(Captioned web images)
--- START ---

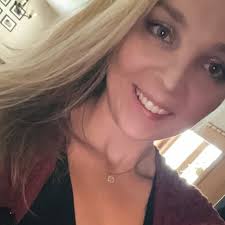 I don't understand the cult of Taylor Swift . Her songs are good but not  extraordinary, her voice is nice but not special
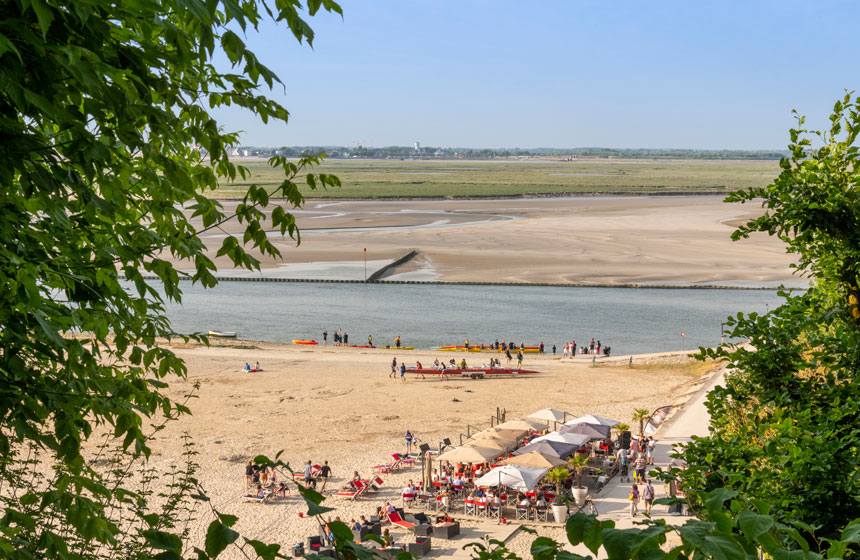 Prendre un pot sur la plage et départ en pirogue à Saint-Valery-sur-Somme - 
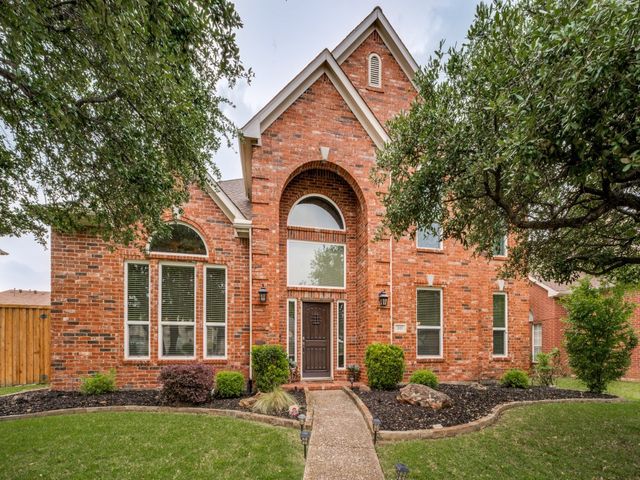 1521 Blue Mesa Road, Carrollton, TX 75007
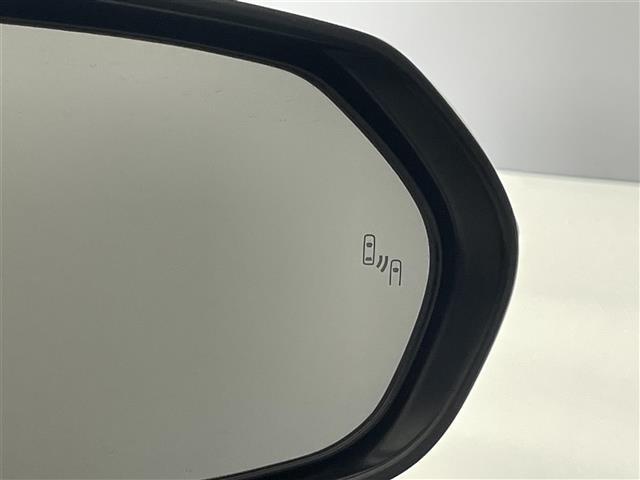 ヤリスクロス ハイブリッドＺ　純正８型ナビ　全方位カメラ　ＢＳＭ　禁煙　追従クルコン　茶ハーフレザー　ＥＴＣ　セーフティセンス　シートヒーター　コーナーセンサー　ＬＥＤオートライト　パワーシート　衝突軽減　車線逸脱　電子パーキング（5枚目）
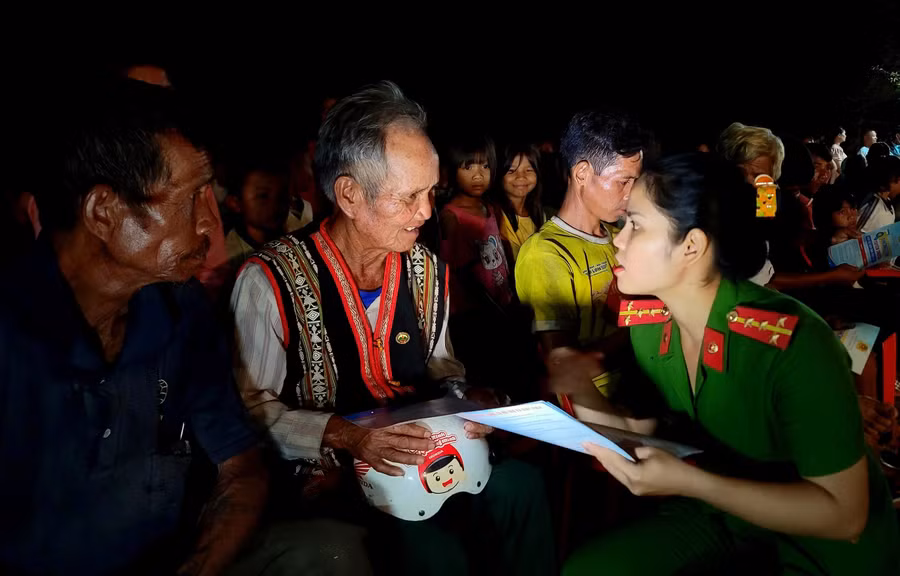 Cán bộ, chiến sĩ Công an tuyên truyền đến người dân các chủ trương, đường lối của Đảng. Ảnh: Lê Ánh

--- END ---

AIM OF THE TASK
Repeat all of the entries word for word, but omit the pictures.

ANSWER TO THIS PROBLEM
 I don't understand the cult of Taylor Swift . Her songs are good but not  extraordinary, her voice is nice but not special
 Prendre un pot sur la plage et départ en pirogue à Saint-Valery-sur-Somme - 
 1521 Blue Mesa Road, Carrollton, TX 75007
 ヤリスクロス ハイブリッドＺ　純正８型ナビ　全方位カメラ　ＢＳＭ　禁煙　追従クルコン　茶ハーフレザー　ＥＴＣ　セーフティセンス　シートヒーター　コーナーセンサー　ＬＥＤオートライト　パワーシート　衝突軽減　車線逸脱　電子パーキング（5枚目）
 Cán bộ, chiến sĩ Công an tuyên truyền đến người dân các chủ trương, đường lối của Đảng. Ảnh: Lê Ánh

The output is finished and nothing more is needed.